Carbon Footprint Guidance

How should the carbon footprint of PGMs be calculated?

To provide stakeholders involved in the PGM value chain with background information and technical guidance on what the industry perceives as best practice approach regarding the measurement of GHG emissions, the IPA has published a guidance document for the calculation of the carbon footprint of primary produced PGMs, now available in an updated Edition 2 (March 2026).

"The Carbon Footprint of Platinum Group Metals" complements the LCA publications that are made available on the website, and the industry-average life cycle asssessment data that LCA practitioners can source from the IPA or through the LCA for Experts database.
The methodology explained in the document has been applied throughout three industry wide IPA studies.

The second edition enhances transparency, improves partial alignment with evolving PCF frameworks, and integrates stakeholder feedback - while deliberately avoiding prescriptive alignment where cost implications, technical feasibility, or methodological consensus remain unresolved.

IPA’s Guidance continues to:

  • Support robust and scientifically grounded PCF calculation for primary produced PGMs
  • Facilitate interoperability without mandating specific digital ecosystems
  • Minimize additional reporting burden for member companies
  • Preserve methodological neutrality


Establishing a sector guidance

Given the high representation of our LCA data collected and the experience built up in the course of over 15 years working on PGM industry LCAs, it is our aim to establish our methodology through the Carbon Footprint Guidance as sector guidance for all parties performing Product Carbon Footprint (PCF) calculations on primary mined PGMs.

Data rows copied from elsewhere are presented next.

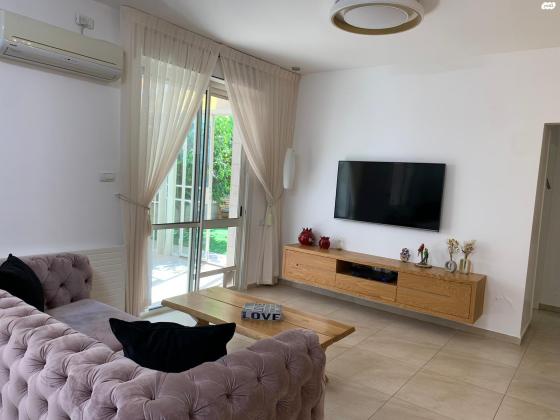 סול ליפצין 42 (חומת שמואל;הר חומה)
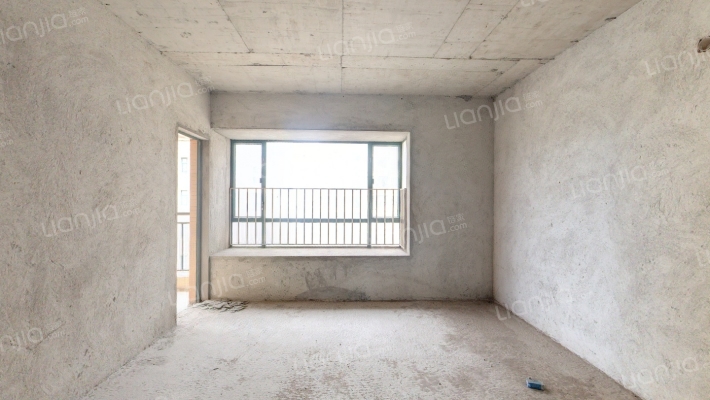 南灣·豪庭二手房实景图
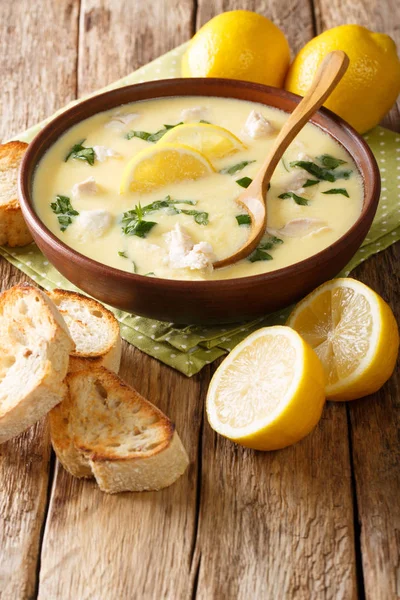 Домашній яєчний лимонний суп з куркою та макаронними виробами крупним планом — стокове фото
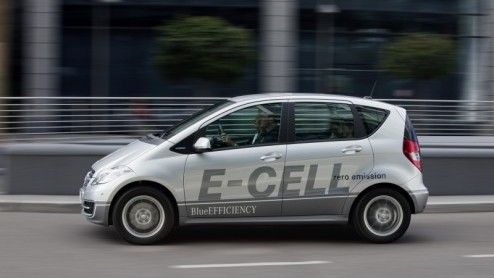 Tijd voor elektrisch vervoer in een vijfpersoons auto? Mercedes-Benz presenteert de A-Klasse E-CELL, met een 95 pk sterke elektromotor en 200 km actieradius. Aan ruimte is evenmin gebrek.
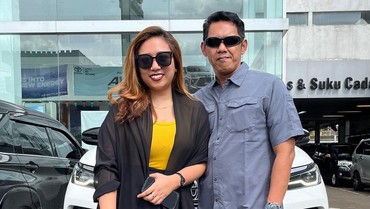 img-title Cerita TikToker Farida Zulfa Menikah dengan Pria 20 Tahun Lebih Tua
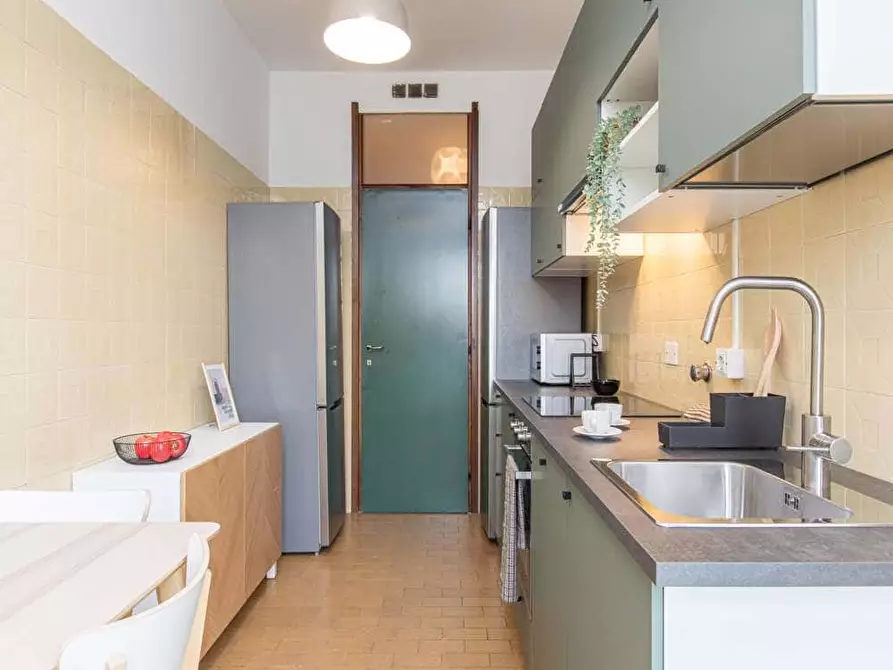 Immagine 31 di Camera in affitto  in Viale Sondrio7 a Milano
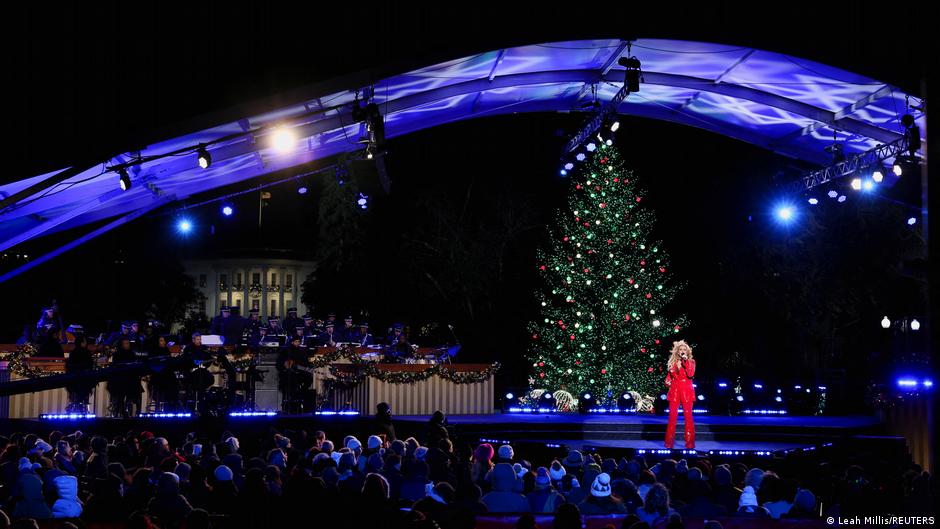 バイデン氏、ホワイトハウスで最後のクリスマスツリーに点灯 – DW – 2024/12/06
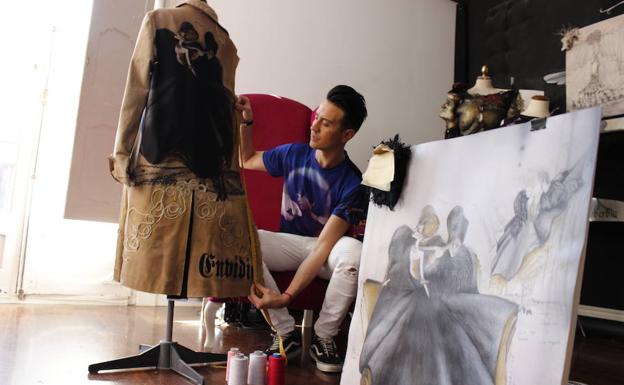 Imagen principal - Peio Durán posa con pinturas y dibujos hechos por él, muchos le han servido después como boceto para sus trajes.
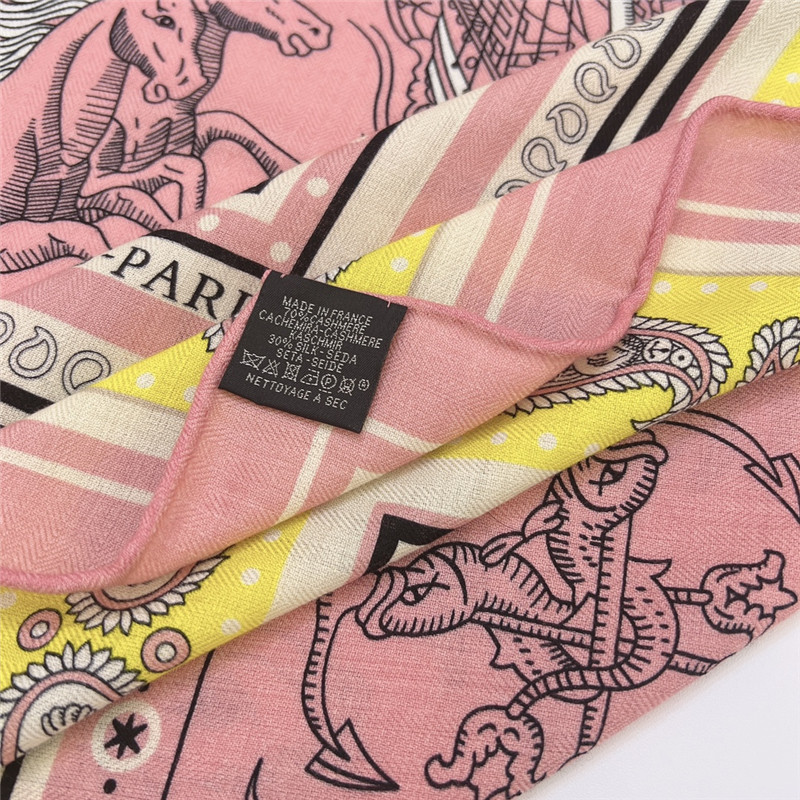 H**me5 140cm shawl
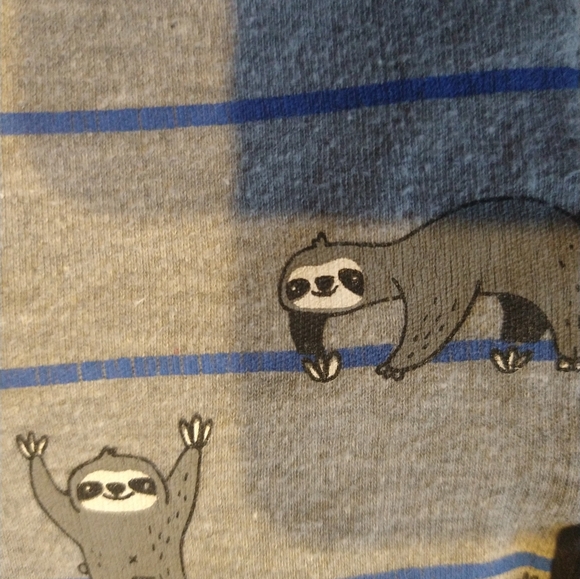 Pyjama - Picture 3 of 4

We collaborate with the World Business Council on Sustainable Development (WBCSD) on their Partnership for Carbon Transparency (PACT) framework, and the guidance has been improved to reflect the feedback and assessment of our first (2023) edition against the PACT PCF methodology.


PACT aims to offer a streamlined methodology for calculating and exchanging product carbon footprints to improve accuracy and enable decarbonization across value chains.

Our Edition 2 guidance has also been included in their online library of sector guidance resources. Read their assessment here.

What has changed since our first edition (October 2023)?

While the core Life Cycle Assessment (LCA) architecture of the 2023 Guidance remains intact, Edition 2 introduces targeted refinements in response to:

  • Advancements in external rulebooks and digital exchange frameworks
  • Increased transparency expectations from downstream sectors
  • Feedback from industry associations and technical stakeholders
  • Practical implementation experience within primary PGM production

The most significant updates include:

1. System Boundary Clarifications

The treatment of excluded emissions - particularly transport to customer - has been reassessed in light of alignment discussions with initiatives such as PACT and Catena-X.

While these initiatives require transport emissions to be measured (though not necessarily included in the PCF result), IPA maintains its established boundary definition. Given commodity-sector practice and practical constraints in cases of co-mingled transport, no structural amendment has been introduced.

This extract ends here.